In the 1830s workers paved Queen Street with planks. It became a toll road. Stage coaches and travelers had to stop at a toll booth where the Duke of York is now. Like service centres on today’s expressways, entrepreneurs came to serve travelers who needed to water and feed their horses in stables and replace lost horse shoes in blacksmith shops.

Wayfarers also rested, fed and watered themselves. By 1852, the village boasted three hotels, a blacksmith shop, and several general stores. When George Leslie, owner of Canada’s largest tree nursery, took over the Post Office and general store, Leslieville was born.

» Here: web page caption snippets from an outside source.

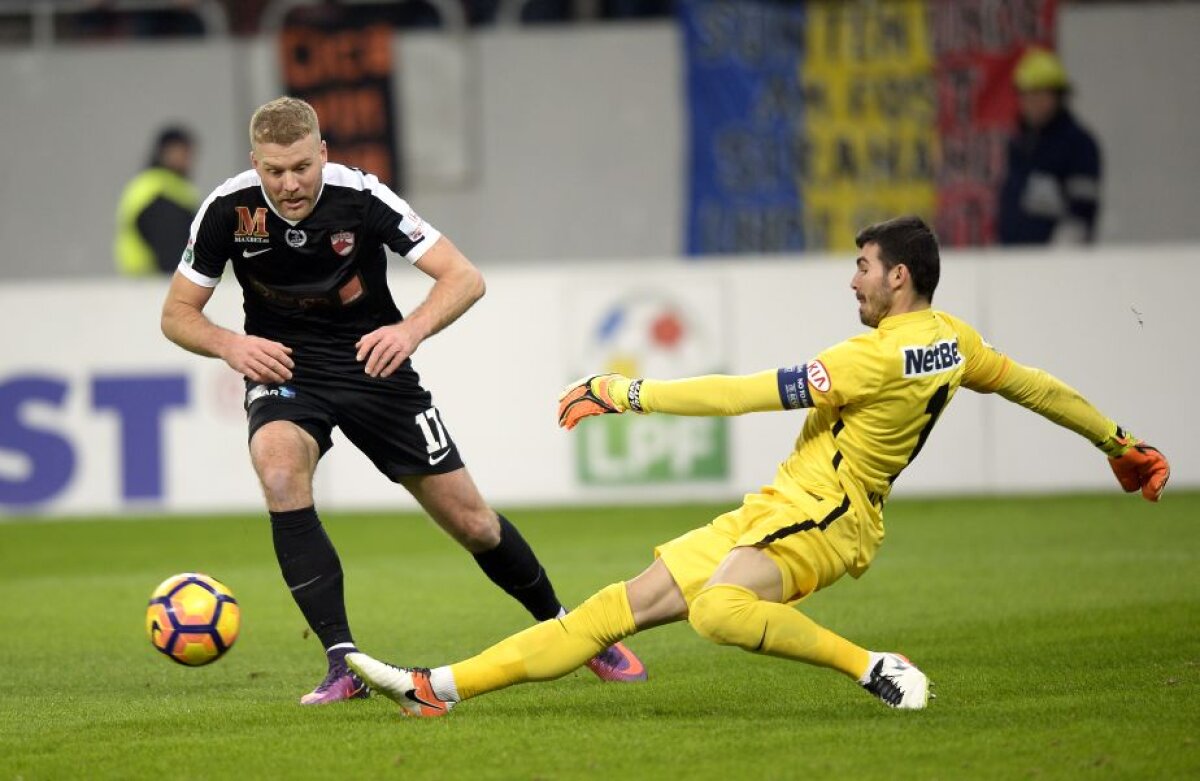 VIDEO + FOTO DAUNĂ TOTALĂ: Dinamo - Steaua 4-1, Ando - Reghe 7-2! "Câinii" și-au surclasat rivala și în semifinalele Cupei Ligii, după episodul din urmă cu fix o lună, din Liga 1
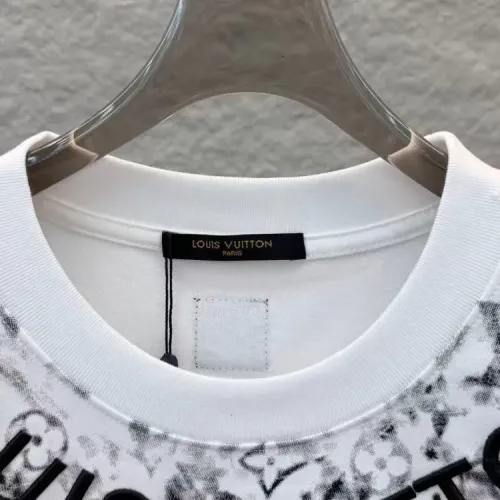 Replica Louis Vuitton LV T-Shirts Short Sleeved For Unisex #1428907 $39.00 USD for Wholesale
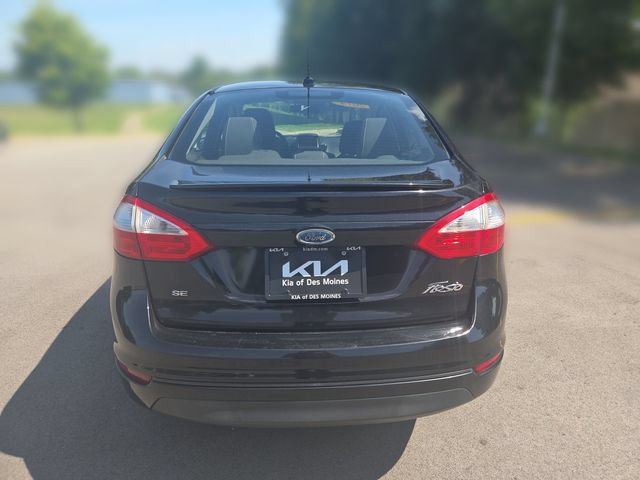 Used 2014 Ford Fiesta SE w/ Equipment Group 201A FWD image 4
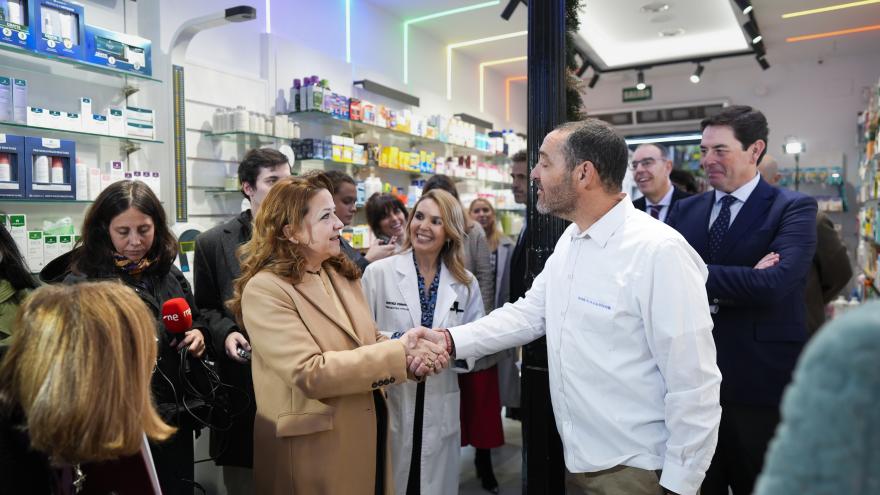 La consejera Fátima Matute durante la visita a una de las oficinas de farmacia 
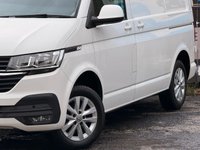 USED 2021 21 VOLKSWAGEN TRANSPORTER 2.0 TDI T28 HIGHLINE PANEL VAN 5DR DIESEL MANUAL FWD SWB EURO 6 (S/S) (110 PS) NAV NO VAT - LOW MILEAGE - FULL SERVICE HISTORY - JUST BEEN SERVICED  - 2 KEYS - HPI CHECK ALL CLEAR  - ULEZ / CAZ / LEZ / COMPLIANT - EURO 6 - METTALIC WHITE PAINTWORK - ADDITIONAL VW LEATHER SEAT COVERS INCLUDED - SAT NAV - APPLE CAR PLAY - ANDROID AUTO - AUTO LIGHTS - AUTO WIPERS - CRUISE CONTROL - AIR CON - RADAR SENSOR - ALLOYS - DAB - BLUETOOTH - PARKING SENSORS ALL ROUND - FINANCE AVAILABLE - ZERO DEPOSIT OFFERS - ALL VANS/CARS WELCOME IN PART-EXCHANGE, ANY AGE, ANY MILEAGE, ANY CONDITION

As Toronto’s population exploded in the 1850s, farmers subdivided their fields into small lots. Here, market gardeners grew fruit and vegetables to feed the city. Meanwhile others found clay deposits and turned out bricks to build Toronto.


Drovers herded cattle, sheep and hogs along the road from the surrounding countryside. After they reached the tollgate, they turned their weary, hungry animals loose on the grass along Ashbridges Bay to fatten and Leslieville’s butchers supplied steaks, chops, sausages, bacon, etc. to feed “Hogtown”.

Abattoirs, nurseries, and brickyards became Leslieville’s major employers. Others cut ice and fished on Ashbridge’s Bay. Small shops provided necessities from sewing needles to shoes.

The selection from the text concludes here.